Over the past few months, the significance of looking to international markets has been drummed home to small business owners.

According to recent research by HSBC, the number of UK SMEs that expect the majority of their turnover to come from international trade is set to more than double (from 5 per cent to 12 per cent) by 2021.

Further research by the Institute of Chartered Accountants in England and Wales shows that businesses that export are more likely to report that turnover and profit increased over the last year, compared to those that do not. The UKTI website enthuses that there has ‘never been a better time to trade internationally’.

Two years ago, when I interviewed Hamilton Bradshaw CEO James Caan, the former Dragons’ Den investor seemed at a loss when I asked him what Britain can offer the world today. The status of London as a leader in financial services had passed, he said. While the ‘shop window’ of India had outsourcing, China manufacturing and the US technology, Britain’s display was looking distinctly and depressingly bare.
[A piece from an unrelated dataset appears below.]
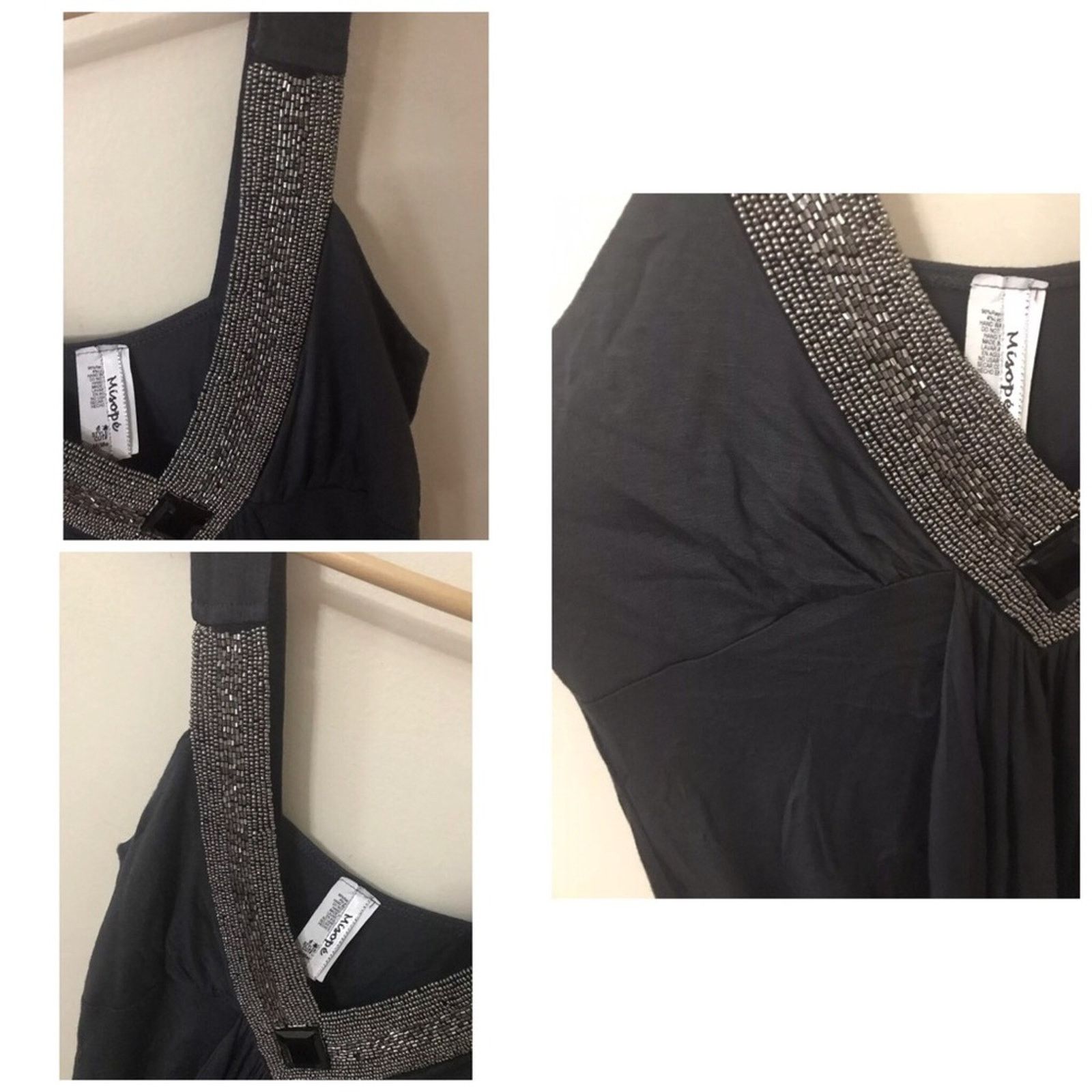 Other Misope Anchor Gray Sleeveless Cocktail Dress Size M / US 6-8 / IT 42-44 - 5 Thumbnail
With this in mind, the bullish international trade drive we are seeing now is promising for a country without much of a universally recognised export identity. According to the HSBC study, businesses within the electronics and computers, travel and transport and agriculture sectors are the most likely to equip themselves for international trade growth. Reasons to export are identified as seeking a broader customer base, taking an opportunity to spread business risk, and to take advantage of ‘buoyant international markets’.

But while it seems 'de rigueur' to aim global, if you’re just starting out in business, you shouldn’t feel obliged to shoot for international climes straight away. Simply the process of starting up, winning customers and marketing your venture is hard work enough without dealing with the added stress of having to contend with issues such as foreign rules and regulations, hiring international agents, and language barriers.

Case in point: this week’s Rising Star Daniel Thomas started his hot tub retail business in 2006, and quickly looked to the French market for that much-vaunted international customer base. But he found that, as a small company, servicing the market was becoming increasingly difficult, with the need to introduce France-specific systems including new networks of engineers, delivery contracts and relationships with tradesmen, all of which took a lot of time and effort.

He says, ‘Over time these changes ate away at our margins and we ended up barely covering our French overheads. The time and stress it took to keep things on track in France simply wasn’t worth it.’

That’s not to say Thomas’ business isn’t suited to international trade, just that it may have been too soon in the company’s story to pursue it – an example worth noting for start-ups feeling pressurised into expanding their horizons before such horizons have even been established.